Task requirements:
Return all the lines below exactly as written. Drop every picture.

Exercise data:
# # # # #

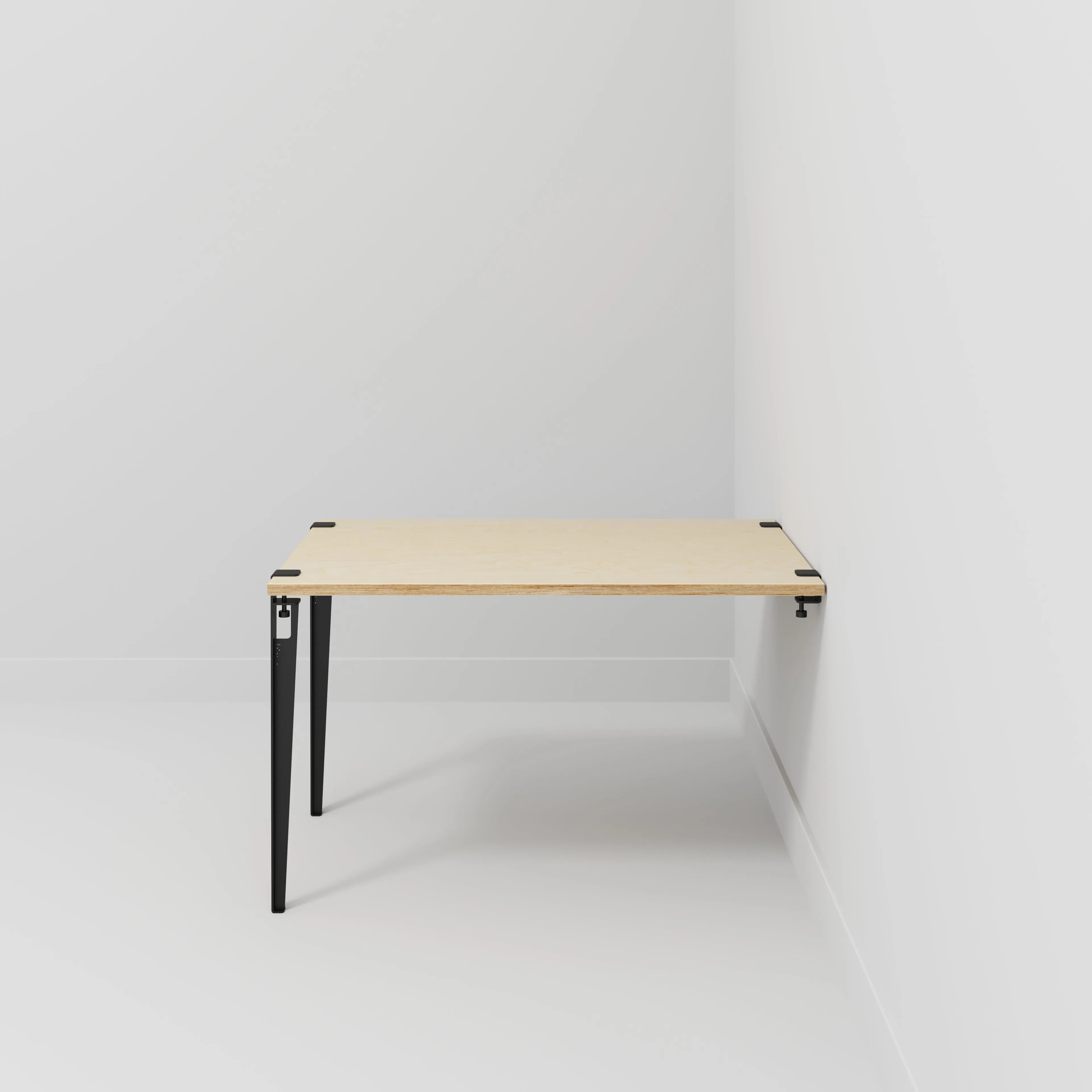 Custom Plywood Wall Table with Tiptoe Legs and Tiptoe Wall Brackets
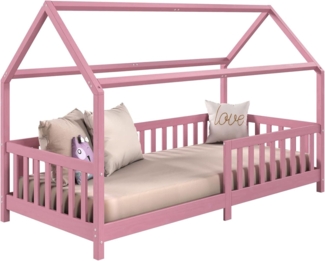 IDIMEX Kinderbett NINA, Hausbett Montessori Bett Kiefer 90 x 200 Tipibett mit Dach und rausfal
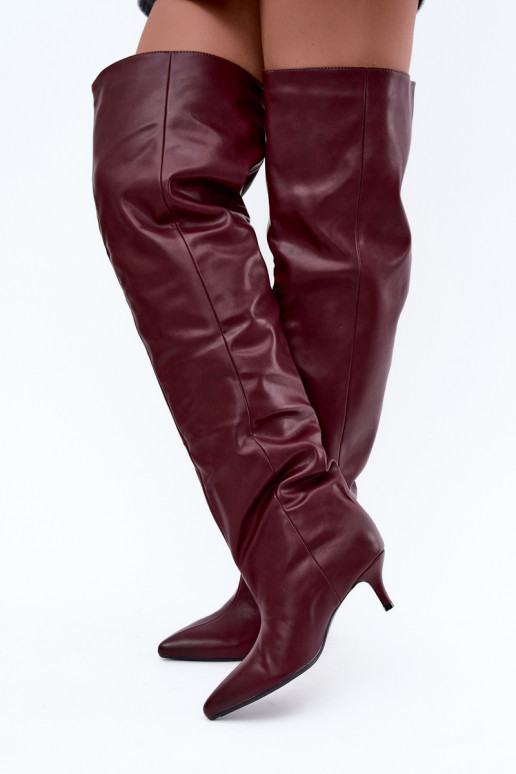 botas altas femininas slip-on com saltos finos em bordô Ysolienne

# # # # #

Response to this task:
 Custom Plywood Wall Table with Tiptoe Legs and Tiptoe Wall Brackets
 IDIMEX Kinderbett NINA, Hausbett Montessori Bett Kiefer 90 x 200 Tipibett mit Dach und rausfal
 botas altas femininas slip-on com saltos finos em bordô Ysolienne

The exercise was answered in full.